### Work to complete
Start at the line with "axy Wide Headband" in the records below, stop at the line with "Waterproof Oxford Hiking", and return every line in that span exactly, the two end lines included.
──────── Material for this task
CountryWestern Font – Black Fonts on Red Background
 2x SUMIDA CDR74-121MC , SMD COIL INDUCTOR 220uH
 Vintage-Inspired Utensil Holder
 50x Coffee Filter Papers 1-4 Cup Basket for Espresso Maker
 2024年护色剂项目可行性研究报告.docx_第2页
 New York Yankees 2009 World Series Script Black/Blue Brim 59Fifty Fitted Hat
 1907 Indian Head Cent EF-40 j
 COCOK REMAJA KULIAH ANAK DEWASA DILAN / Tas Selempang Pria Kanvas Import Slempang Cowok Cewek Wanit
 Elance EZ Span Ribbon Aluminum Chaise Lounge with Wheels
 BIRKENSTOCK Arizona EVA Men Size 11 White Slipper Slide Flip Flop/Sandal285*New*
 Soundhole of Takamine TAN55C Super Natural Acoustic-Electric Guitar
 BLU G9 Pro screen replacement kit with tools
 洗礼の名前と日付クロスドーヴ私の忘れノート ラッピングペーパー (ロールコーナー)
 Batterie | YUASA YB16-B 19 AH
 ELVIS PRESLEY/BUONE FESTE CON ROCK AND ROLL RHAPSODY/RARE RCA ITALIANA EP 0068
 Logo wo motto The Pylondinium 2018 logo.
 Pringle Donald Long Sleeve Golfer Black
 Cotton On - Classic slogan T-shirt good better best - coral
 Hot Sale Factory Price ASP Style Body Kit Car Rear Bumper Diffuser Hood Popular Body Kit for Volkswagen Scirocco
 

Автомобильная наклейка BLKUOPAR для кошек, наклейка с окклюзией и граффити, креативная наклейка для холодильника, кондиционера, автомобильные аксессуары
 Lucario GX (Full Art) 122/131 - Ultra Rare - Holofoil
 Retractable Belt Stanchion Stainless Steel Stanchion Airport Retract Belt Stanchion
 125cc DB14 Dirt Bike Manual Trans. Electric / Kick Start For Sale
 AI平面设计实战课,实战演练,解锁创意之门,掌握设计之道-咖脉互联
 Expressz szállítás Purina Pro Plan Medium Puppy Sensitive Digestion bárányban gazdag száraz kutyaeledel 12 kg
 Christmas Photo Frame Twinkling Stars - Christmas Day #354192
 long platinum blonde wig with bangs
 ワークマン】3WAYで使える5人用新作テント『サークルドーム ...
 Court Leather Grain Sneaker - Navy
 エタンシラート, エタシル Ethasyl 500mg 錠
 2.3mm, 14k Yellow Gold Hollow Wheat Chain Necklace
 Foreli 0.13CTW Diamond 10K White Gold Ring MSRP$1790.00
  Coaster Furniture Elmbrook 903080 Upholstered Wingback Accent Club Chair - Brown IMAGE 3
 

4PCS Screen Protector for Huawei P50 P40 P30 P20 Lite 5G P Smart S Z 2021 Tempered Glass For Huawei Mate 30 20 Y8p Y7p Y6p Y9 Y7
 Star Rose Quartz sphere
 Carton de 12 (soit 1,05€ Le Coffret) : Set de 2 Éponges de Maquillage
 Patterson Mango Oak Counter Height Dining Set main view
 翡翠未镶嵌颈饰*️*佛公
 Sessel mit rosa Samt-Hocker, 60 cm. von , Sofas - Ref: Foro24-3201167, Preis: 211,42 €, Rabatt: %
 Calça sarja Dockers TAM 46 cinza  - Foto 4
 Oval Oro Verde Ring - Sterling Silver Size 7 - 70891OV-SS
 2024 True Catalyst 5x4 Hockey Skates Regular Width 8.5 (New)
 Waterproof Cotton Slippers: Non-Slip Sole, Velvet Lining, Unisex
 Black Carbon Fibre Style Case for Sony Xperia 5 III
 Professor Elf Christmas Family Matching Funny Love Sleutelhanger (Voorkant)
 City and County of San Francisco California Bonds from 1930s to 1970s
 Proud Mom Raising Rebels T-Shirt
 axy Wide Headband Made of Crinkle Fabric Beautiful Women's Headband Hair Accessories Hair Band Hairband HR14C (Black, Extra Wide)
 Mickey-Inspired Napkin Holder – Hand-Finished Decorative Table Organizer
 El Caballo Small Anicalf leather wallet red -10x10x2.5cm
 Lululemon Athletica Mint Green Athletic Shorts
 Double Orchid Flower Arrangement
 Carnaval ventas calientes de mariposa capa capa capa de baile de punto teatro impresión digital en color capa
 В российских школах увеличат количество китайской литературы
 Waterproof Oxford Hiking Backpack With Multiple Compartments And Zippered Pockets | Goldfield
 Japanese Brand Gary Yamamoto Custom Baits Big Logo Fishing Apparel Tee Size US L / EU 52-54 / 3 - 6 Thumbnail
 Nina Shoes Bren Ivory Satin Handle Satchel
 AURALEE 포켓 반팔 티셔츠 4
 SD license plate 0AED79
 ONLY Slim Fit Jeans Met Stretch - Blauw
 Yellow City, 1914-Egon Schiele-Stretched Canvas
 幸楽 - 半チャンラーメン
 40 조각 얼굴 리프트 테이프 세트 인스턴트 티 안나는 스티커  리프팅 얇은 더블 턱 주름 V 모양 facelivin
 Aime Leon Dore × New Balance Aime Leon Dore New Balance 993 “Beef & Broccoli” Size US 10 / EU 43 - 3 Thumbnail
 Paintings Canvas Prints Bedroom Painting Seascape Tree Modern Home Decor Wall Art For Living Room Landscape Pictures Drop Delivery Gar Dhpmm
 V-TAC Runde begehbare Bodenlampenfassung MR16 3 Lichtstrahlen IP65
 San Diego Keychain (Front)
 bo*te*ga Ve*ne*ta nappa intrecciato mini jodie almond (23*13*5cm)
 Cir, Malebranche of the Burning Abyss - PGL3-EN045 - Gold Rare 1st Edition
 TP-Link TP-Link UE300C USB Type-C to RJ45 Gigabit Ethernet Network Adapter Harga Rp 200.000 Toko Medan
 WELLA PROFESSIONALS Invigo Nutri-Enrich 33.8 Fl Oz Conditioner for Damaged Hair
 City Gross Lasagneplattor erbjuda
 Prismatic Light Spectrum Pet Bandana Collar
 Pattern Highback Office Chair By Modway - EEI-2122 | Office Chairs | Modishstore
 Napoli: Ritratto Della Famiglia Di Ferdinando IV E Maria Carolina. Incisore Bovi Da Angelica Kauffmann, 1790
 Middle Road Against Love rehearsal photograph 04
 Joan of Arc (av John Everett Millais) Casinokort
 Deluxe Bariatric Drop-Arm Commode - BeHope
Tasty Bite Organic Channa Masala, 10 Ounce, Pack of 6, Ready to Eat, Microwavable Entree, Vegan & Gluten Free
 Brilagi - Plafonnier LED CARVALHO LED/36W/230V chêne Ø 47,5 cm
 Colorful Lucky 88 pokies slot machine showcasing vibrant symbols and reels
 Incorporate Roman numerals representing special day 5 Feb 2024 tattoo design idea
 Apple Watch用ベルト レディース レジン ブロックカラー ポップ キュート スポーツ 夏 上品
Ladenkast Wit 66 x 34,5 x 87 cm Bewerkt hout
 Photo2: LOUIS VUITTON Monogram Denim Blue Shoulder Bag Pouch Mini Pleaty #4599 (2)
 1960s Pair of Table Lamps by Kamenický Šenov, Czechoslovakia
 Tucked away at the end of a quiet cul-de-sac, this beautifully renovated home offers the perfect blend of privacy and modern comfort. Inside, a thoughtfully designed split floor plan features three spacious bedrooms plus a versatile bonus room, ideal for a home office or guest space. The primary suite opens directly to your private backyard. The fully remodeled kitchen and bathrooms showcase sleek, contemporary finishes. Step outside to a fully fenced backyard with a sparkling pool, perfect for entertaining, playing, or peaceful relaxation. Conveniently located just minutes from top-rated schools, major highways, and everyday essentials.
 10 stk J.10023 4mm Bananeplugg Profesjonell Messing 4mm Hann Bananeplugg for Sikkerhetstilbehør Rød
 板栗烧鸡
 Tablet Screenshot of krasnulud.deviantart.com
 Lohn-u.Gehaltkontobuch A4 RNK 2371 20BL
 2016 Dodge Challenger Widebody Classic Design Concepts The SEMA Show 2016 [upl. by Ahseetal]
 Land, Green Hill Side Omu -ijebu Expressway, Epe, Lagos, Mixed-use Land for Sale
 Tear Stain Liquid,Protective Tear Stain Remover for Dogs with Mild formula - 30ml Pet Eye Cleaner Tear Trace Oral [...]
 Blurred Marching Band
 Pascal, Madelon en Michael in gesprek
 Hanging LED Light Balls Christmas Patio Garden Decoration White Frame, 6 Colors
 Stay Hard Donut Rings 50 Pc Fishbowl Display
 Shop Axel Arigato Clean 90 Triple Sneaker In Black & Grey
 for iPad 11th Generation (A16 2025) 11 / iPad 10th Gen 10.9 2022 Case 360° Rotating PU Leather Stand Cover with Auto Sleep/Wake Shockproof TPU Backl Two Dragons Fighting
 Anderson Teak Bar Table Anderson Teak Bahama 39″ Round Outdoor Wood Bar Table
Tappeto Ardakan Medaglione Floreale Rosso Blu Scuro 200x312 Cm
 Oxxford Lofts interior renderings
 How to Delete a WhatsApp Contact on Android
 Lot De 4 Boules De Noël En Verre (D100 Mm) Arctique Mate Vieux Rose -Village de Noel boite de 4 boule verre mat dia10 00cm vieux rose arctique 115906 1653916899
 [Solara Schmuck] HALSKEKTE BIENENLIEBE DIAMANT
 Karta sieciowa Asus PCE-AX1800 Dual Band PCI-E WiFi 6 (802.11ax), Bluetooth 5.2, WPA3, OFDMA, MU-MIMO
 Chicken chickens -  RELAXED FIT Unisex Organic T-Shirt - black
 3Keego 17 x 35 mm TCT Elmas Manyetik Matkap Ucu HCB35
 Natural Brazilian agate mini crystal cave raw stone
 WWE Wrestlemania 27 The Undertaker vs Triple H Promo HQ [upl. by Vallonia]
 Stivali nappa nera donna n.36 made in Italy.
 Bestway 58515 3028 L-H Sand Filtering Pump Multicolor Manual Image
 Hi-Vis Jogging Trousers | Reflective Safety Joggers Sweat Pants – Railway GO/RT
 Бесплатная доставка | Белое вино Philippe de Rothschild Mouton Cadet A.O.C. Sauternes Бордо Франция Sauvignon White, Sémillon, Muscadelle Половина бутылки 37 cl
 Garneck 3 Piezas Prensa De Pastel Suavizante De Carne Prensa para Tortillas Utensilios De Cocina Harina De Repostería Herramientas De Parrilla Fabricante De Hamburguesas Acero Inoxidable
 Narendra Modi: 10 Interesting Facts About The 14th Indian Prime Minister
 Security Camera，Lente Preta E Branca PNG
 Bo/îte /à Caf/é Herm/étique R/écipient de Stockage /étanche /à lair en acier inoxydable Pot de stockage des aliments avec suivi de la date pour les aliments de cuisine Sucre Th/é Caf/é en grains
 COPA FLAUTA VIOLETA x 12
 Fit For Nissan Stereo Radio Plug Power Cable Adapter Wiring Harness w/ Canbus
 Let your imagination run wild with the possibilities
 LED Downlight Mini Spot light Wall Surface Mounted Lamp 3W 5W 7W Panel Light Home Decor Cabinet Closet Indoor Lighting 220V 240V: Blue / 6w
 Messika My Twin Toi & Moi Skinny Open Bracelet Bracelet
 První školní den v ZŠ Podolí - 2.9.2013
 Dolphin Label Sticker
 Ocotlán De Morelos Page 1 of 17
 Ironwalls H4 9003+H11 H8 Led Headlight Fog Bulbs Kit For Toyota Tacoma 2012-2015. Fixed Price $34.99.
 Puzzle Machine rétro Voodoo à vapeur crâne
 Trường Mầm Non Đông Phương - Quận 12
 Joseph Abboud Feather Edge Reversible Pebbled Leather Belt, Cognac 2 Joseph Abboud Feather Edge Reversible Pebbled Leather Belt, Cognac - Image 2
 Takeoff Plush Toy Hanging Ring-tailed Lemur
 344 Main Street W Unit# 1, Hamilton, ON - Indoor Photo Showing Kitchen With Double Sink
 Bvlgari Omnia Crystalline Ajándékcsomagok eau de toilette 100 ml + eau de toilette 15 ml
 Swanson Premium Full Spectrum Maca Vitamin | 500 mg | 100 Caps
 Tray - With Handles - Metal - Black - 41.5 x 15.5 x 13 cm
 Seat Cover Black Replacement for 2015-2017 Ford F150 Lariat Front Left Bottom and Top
────────────────
### Result of the exercise
 axy Wide Headband Made of Crinkle Fabric Beautiful Women's Headband Hair Accessories Hair Band Hairband HR14C (Black, Extra Wide)
 Mickey-Inspired Napkin Holder – Hand-Finished Decorative Table Organizer
 El Caballo Small Anicalf leather wallet red -10x10x2.5cm
 Lululemon Athletica Mint Green Athletic Shorts
 Double Orchid Flower Arrangement
 Carnaval ventas calientes de mariposa capa capa capa de baile de punto teatro impresión digital en color capa
 В российских школах увеличат количество китайской литературы
 Waterproof Oxford Hiking Backpack With Multiple Compartments And Zippered Pockets | Goldfield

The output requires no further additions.